→ **Exercise brief**:
A word-for-word copy of the entries, with images excluded, is the expected answer.
[Opening Dataset extract section]
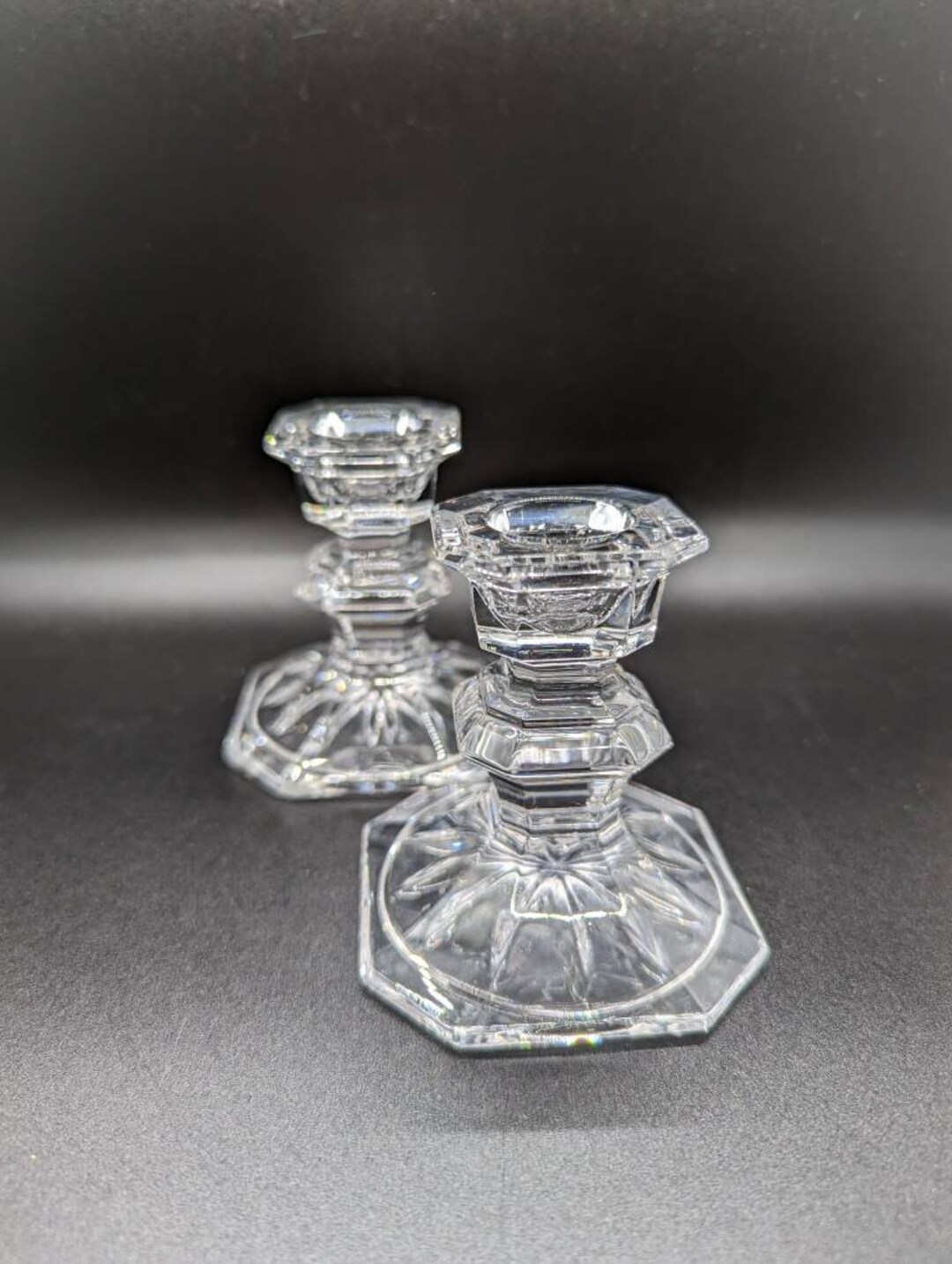 Vintage Clear Glass Candle Holder Set Etsy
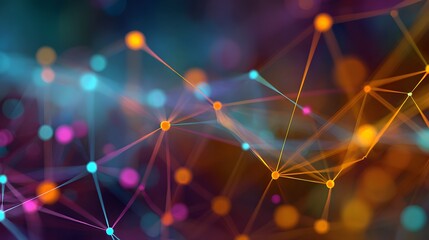 Colorful Abstract Network Visualization with Interconnected Dots and Lines in Digital Space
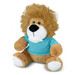 A lion plush toy with a fluffy mane, wearing a turquoise shirt, in a seated position. The toy features soft, tan fur and white paws.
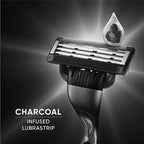 Gillette Mach3 Bright glow Charcoal Shaving Razor Blades - 2 pc (Cartridge),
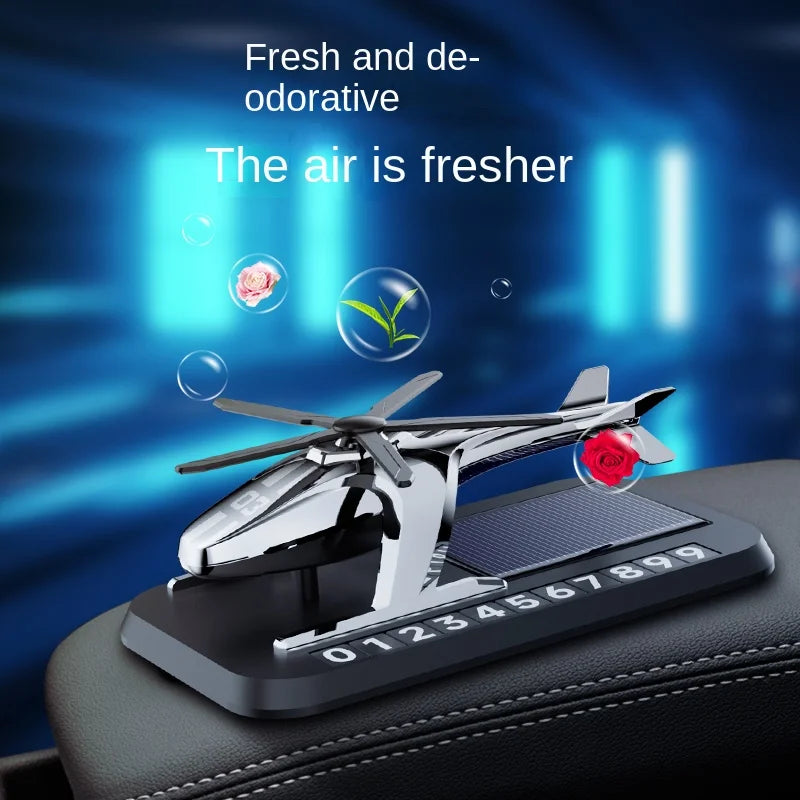 GPRGIT Solar Rotating Aircraft Car Aromatherapy Diffuser Glass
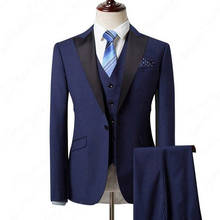 Mans Suits For Wedding Evening Party Men Suits Peak Lapel Trim Fit Custom Made Groom Tuxedos Three Piece Suit(Jacket+Pants+Vest) 2024 - buy cheap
[Closing Dataset extract section]
→ **Written answer**:
 Vintage Clear Glass Candle Holder Set Etsy
 Colorful Abstract Network Visualization with Interconnected Dots and Lines in Digital Space
 A lion plush toy with a fluffy mane, wearing a turquoise shirt, in a seated position. The toy features soft, tan fur and white paws.
 Gillette Mach3 Bright glow Charcoal Shaving Razor Blades - 2 pc (Cartridge),
 GPRGIT Solar Rotating Aircraft Car Aromatherapy Diffuser Glass
 Mans Suits For Wedding Evening Party Men Suits Peak Lapel Trim Fit Custom Made Groom Tuxedos Three Piece Suit(Jacket+Pants+Vest) 2024 - buy cheap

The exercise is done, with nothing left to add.